Ob sie es auch herausfordernd findet, katholisch zu sein? «Nein, gar nicht.» Am Firmweg, den sie nun ja bereits zum wiederholten Mal begleitet, werde auch vieles vom katholischen Glauben angeschaut und miteinander diskutiert. «Da kann ich dahinterstehen.» Das sei schon so gewesen, als sie selbst noch den Unti besucht habe. Sie erinnert sich an ihre Zeit als Ministrantin, an die «megacoolen» Höcks. Man habe Spass miteinander gehabt und vieles erlebt. Das Gefühl, «spezielle Sachen» machen zu dürfen – einmal hätten sie sogar in der Pfarrei übernachtet –, ist ihr geblieben. Es war eben «nicht so das stiere Unti-Lernen. Und genau das möchte ich gerne weitergeben.» Da ist sie wieder, diese Haltung. Giuliana Serio weiss, dass sie zum Weitergeben des Glaubens an junge Menschen eine wichtige Voraussetzung mitbringt: Sie ist in ihrem Alter «näher dran» an jenen, die jetzt Jugendliche sind. Erreicht sie etwas? «Es kommt sehr viel von den Jugendlichen und so entstehen Diskussionen.» Sie findet es «cool, dass im Firmweg jeder Raum erhält, seine Sicht zu zeigen und auch mal kritisch zu sein». 
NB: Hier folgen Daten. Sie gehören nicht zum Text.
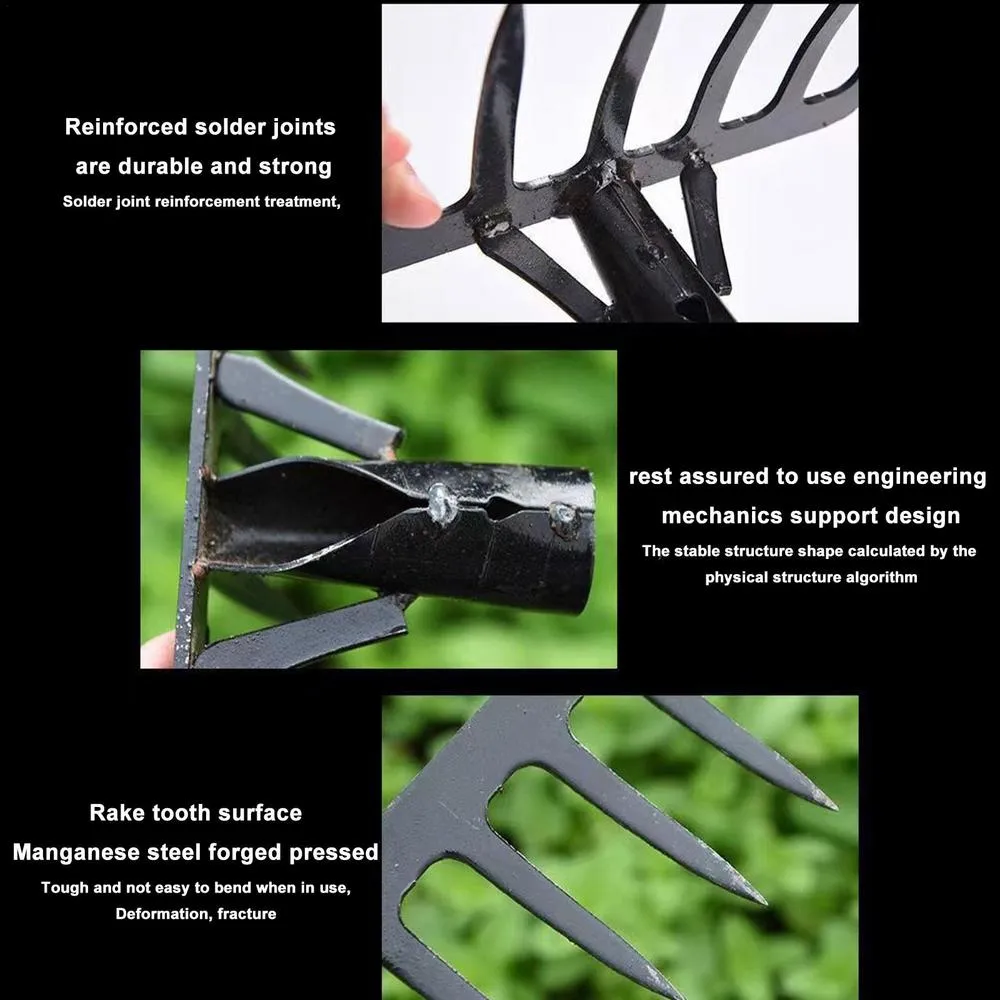 Mini Metal Rake Metal Garden Rake Heavy Duty Mini Shovel with Metal Teeth for Weeding ...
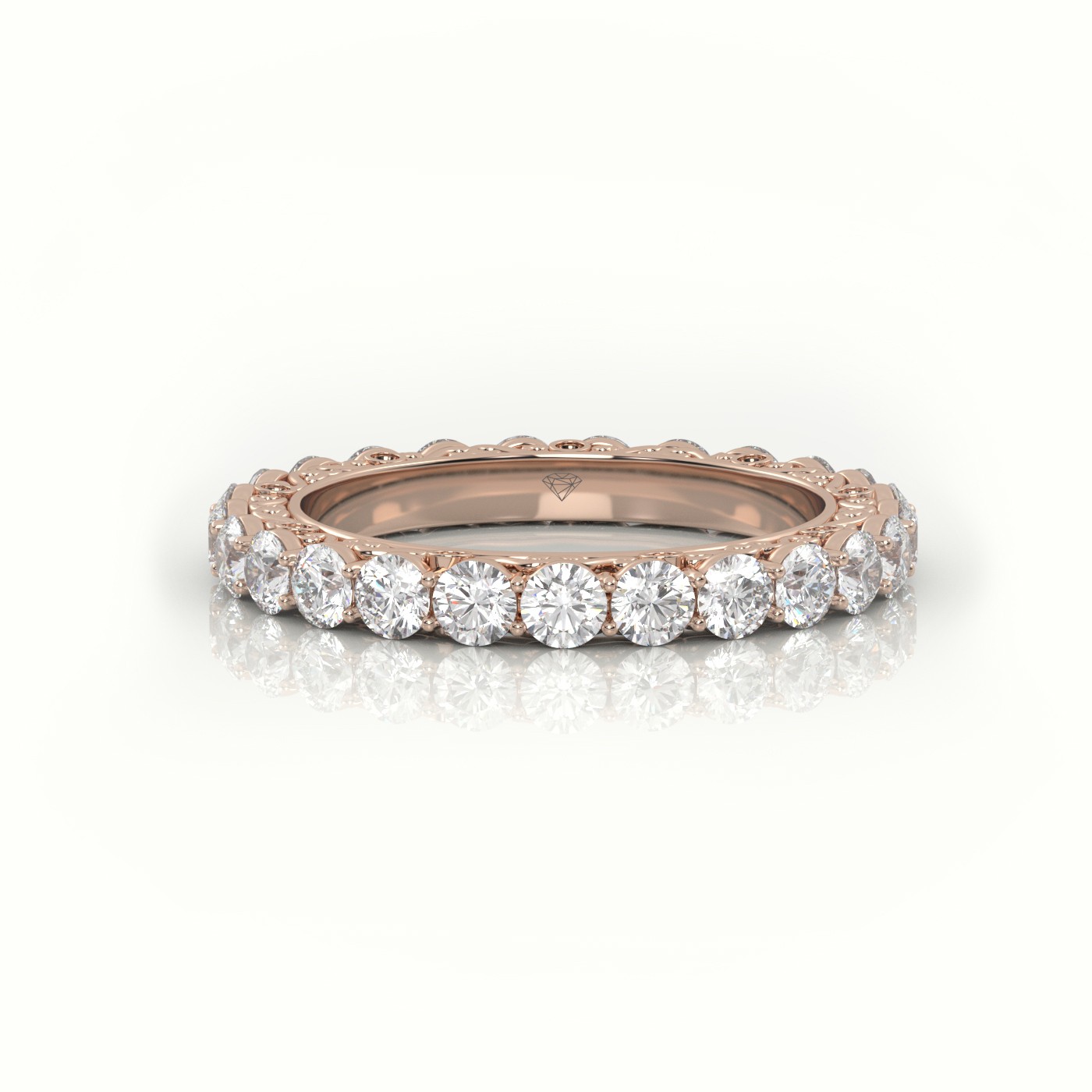 18k rose gold  round cut diamond low dome basket eternity wedding band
Giuliana Serio schaut sich im Gottesdienstraum um, in dem wir sitzen und miteinander reden. Die Pfarrei in Greifensee hat nämlich keine Kirche im eigentlichen Sinn. Da ist kein hoher Turm, kein langes Kirchenschiff im alten Stil, kein Vorne und Hinten, kein Oben und Unten. Im Haus, das sich Begegnungszentrum nennt, ist ein Raum eingerichtet, würdig und schön, damit Menschen miteinander Gottesdienst feiern können. «Für mich ist hier immer mein Ort vom Glauben gewesen», sagt sie. Es ist ihre Erklärung, warum sie sich an diesem Ort engagiert. Und als sie sagt, dass es «fast so ein bisschen wie daheim» ist, huscht Rührung über ihr Gesicht. Ihr Grossvater kommt ihr in den Sinn, ein Italiener, und dann ihr Grossmami, die Spanierin ist. Sie erinnert sich, wie sie mit ihnen in die Kirche gegangen ist und gebetet hat, dass das etwas sehr Schönes war. Ihren Glauben zu leben, verbindet sie mit ihren Grosseltern.

«Weil es mir Kraft gibt»

Ihre erste Bezugsperson in der Pfarrei ist Gregor Sodies. Er leitet gemeinsam mit seiner Frau Hella die Gemeinde. Giuliana Serio kennt die beiden nun schon jahrelang. Zu Gregor, mit dem sie vor allem zusammenarbeitet, fallen ihr lachend eine ganze Reihe von Geschichten ein, bis zurück in die Zeit, als sie selbst noch Firmandin in seinem Kurs war. Er sei einer, der nicht den Leiter heraushängen lasse. «Bei ihm merkt man einfach, dass er auch ein Mensch ist. Und dass er noch jung geblieben ist. Er ist fürsorglich und es ist ihm wichtig, dass allen wohl ist – aber es ist auch immer lustig mit ihm.» Giuliana Serio betont, dass sie es «keine Sekunde» bereut, ja gesagt zu haben zu den Aufgaben in der Pfarrei. Auch wenn sie weiss, dass sie schwer «nein» sagen kann und sich manchmal mehr Zeit für sich selbst nehmen sollte. Aber die Pfarrei wäre für sie der letzte Ort, an dem sie ihr Engagement aufgeben würde, da ist sie sich offensichtlich sicher. «Weil dieses Engagement mir Kraft gibt.» Und die braucht sie, spätestens wenn sie wieder in der Kita arbeitet.